◆ Your instructions ◆
Copy the records below exactly, omitting any pictures they contain.

Dataset entries
= = =

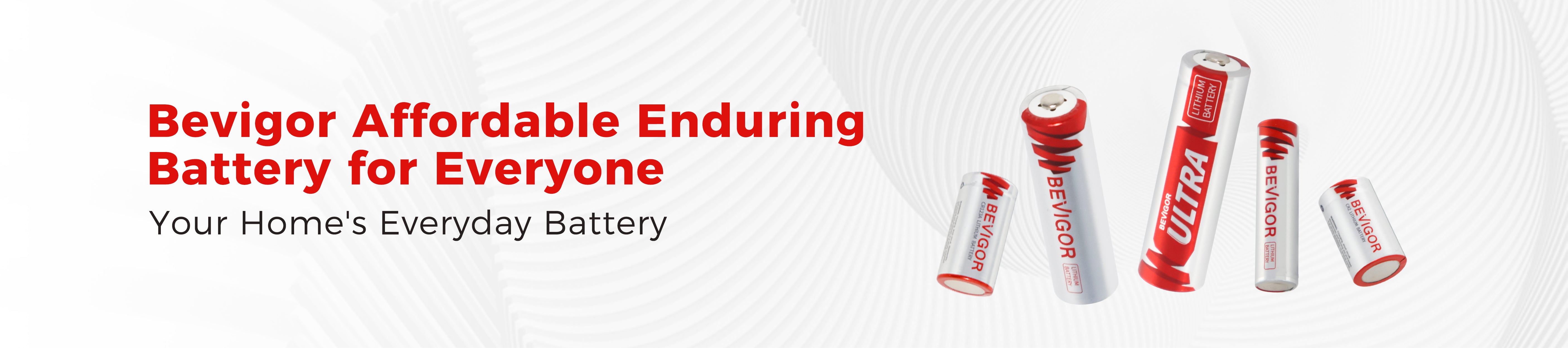 affordable aa lithium batteries enduring battery for wholesale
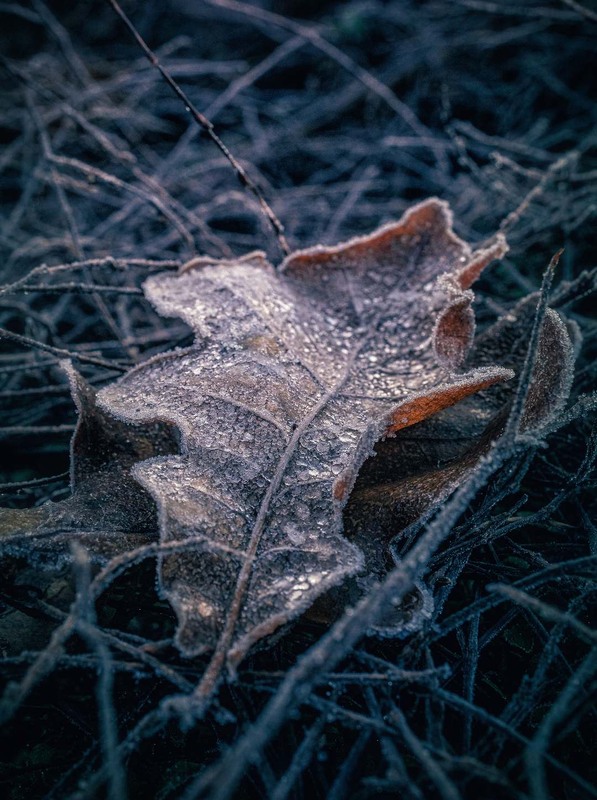 Фотографія Макро / Олександр Катков / photographers.ua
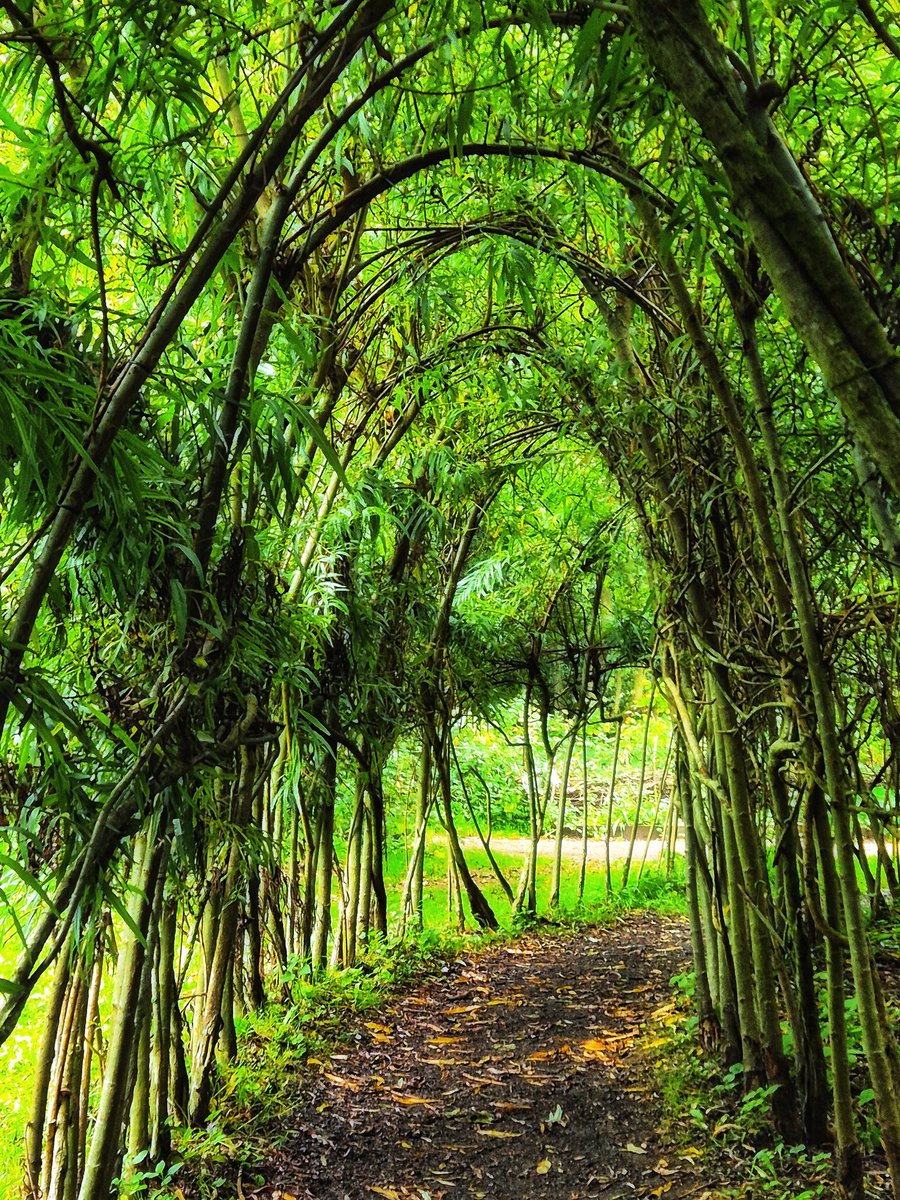 LucyTho55134197's tweet image. #WeekKForKnowledge
#AlphabetChallenge 
A lovely tunnel to a bird hide with bird info #HardwickPark #Durham 🇬🇧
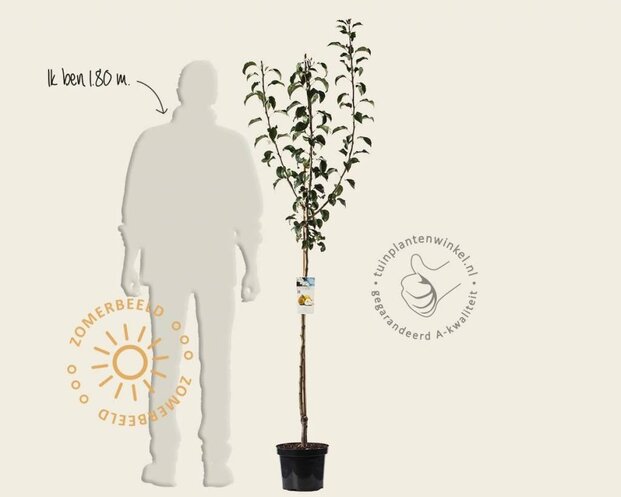 Pyrus communis 'Gieser Wildeman' - halfstam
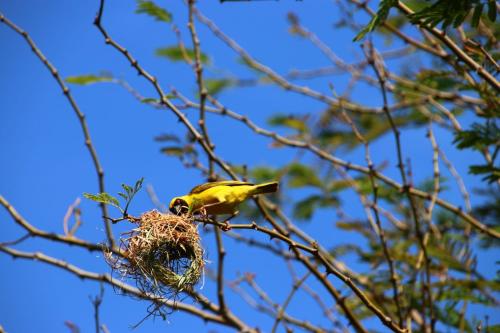 a yellow bird sitting on a nest in a tree at Tranquillity Day Spa & Lodge in Baviaanspoort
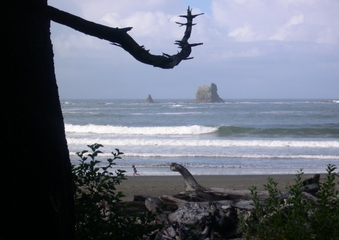 Enlarge photo 27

= = =

◆ Exercise result ◆
 affordable aa lithium batteries enduring battery for wholesale
 Фотографія Макро / Олександр Катков / photographers.ua
 LucyTho55134197's tweet image. #WeekKForKnowledge
#AlphabetChallenge 
A lovely tunnel to a bird hide with bird info #HardwickPark #Durham 🇬🇧
 Pyrus communis 'Gieser Wildeman' - halfstam
 a yellow bird sitting on a nest in a tree at Tranquillity Day Spa & Lodge in Baviaanspoort
 Enlarge photo 27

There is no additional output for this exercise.